The Bears released Anderson on October 5, 2010.

===Houston Texans===
On October 6, 2010, Anderson signed with the Houston Texans, where he was reunited with his college teammate, DeMeco Ryans.

===New England Patriots===
On August 5, 2011, Anderson signed with the New England Patriots. Mark had a rebound year in New England, recording 10 sacks for the Patriots in the regular season. Anderson recorded 1.5 sacks and 5 tackles in Super Bowl XLVI.

===Buffalo Bills===
On March 21, 2012, Anderson signed a four-year contract worth 20 million dollars with the Buffalo Bills.

In the 2012 season, Anderson had 12 combined tackles and 1 sack through 5 games. However, he suffered a season-ending knee injury against the San Francisco 49ers on October 7, 2012.

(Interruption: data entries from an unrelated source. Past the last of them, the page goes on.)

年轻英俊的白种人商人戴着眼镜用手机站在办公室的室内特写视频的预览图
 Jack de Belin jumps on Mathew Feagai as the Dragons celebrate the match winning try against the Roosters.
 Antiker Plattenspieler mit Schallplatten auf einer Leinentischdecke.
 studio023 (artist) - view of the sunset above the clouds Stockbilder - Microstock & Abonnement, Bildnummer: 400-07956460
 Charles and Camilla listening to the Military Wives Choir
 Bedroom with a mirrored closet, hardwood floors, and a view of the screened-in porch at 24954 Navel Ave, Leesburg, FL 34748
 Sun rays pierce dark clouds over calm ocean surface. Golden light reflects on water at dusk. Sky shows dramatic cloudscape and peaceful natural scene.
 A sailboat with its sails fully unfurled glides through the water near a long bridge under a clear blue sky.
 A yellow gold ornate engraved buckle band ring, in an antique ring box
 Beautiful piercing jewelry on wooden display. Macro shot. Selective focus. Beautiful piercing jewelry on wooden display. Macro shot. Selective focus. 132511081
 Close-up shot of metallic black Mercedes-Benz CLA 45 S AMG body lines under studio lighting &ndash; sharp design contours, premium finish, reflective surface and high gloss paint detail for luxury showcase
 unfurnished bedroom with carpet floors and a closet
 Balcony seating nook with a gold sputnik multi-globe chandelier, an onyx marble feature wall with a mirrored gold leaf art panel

On July 23, 2013, Anderson was released by the Bills after just one season.

==NFL career statistics==

Legend
| Bold | Career high |

===Regular season===

Year: Team; Games; Tackles; Interceptions; Fumbles
GP: GS; Cmb; Solo; Ast; Sck; TFL; Int; Yds; TD; Lng; PD; FF; FR; Yds; TD
2006: CHI; 16; 1; 28; 23; 5; 12.0; 9; 0; 0; 0; 0; 2; 4; 1; 0; 0
2007: CHI; 14; 14; 31; 25; 6; 5.0; 6; 0; 0; 0; 0; 1; 1; 0; 0; 0
2008: CHI; 16; 0; 18; 10; 8; 1.0; 2; 0; 0; 0; 0; 3; 0; 1; 0; 0
2009: CHI; 16; 2; 28; 22; 6; 3.5; 6; 0; 0; 0; 0; 0; 0; 0; 0; 0
2010: CHI; 4; 1; 8; 8; 0; 0.0; 1; 0; 0; 0; 0; 0; 0; 0; 0; 0
HOU: 11; 2; 21; 16; 5; 4.0; 6; 0; 0; 0; 0; 2; 0; 0; 0; 0
2011: NWE; 16; 1; 29; 18; 11; 10.0; 9; 0; 0; 0; 0; 1; 2; 1; 0; 0
2012: BUF; 5; 4; 12; 10; 2; 1.0; 2; 0; 0; 0; 0; 1; 0; 0; 0; 0
Career: 98; 25; 175; 132; 43; 36.5; 41; 0; 0; 0; 0; 10; 7; 3; 0; 0

===Playoffs===

Year: Team; Games; Tackles; Interceptions; Fumbles
GP: GS; Cmb; Solo; Ast; Sck; TFL; Int; Yds; TD; Lng; PD; FF; FR; Yds; TD
2006: CHI; 3; 0; 4; 3; 1; 1.5; 0; 0; 0; 0; 0; 0; 1; 1; 2; 0
2011: NWE; 3; 2; 11; 6; 5; 2.5; 3; 0; 0; 0; 0; 1; 0; 0; 0; 0
Career: 6; 2; 15; 9; 6; 4.0; 3; 0; 0; 0; 0; 1; 1; 1; 2; 0

==Post-playing career==
On July 31, 2015, Anderson was hired by former Bears head coach and Tampa Bay Buccaneers HC Lovie Smith as a scouting department member.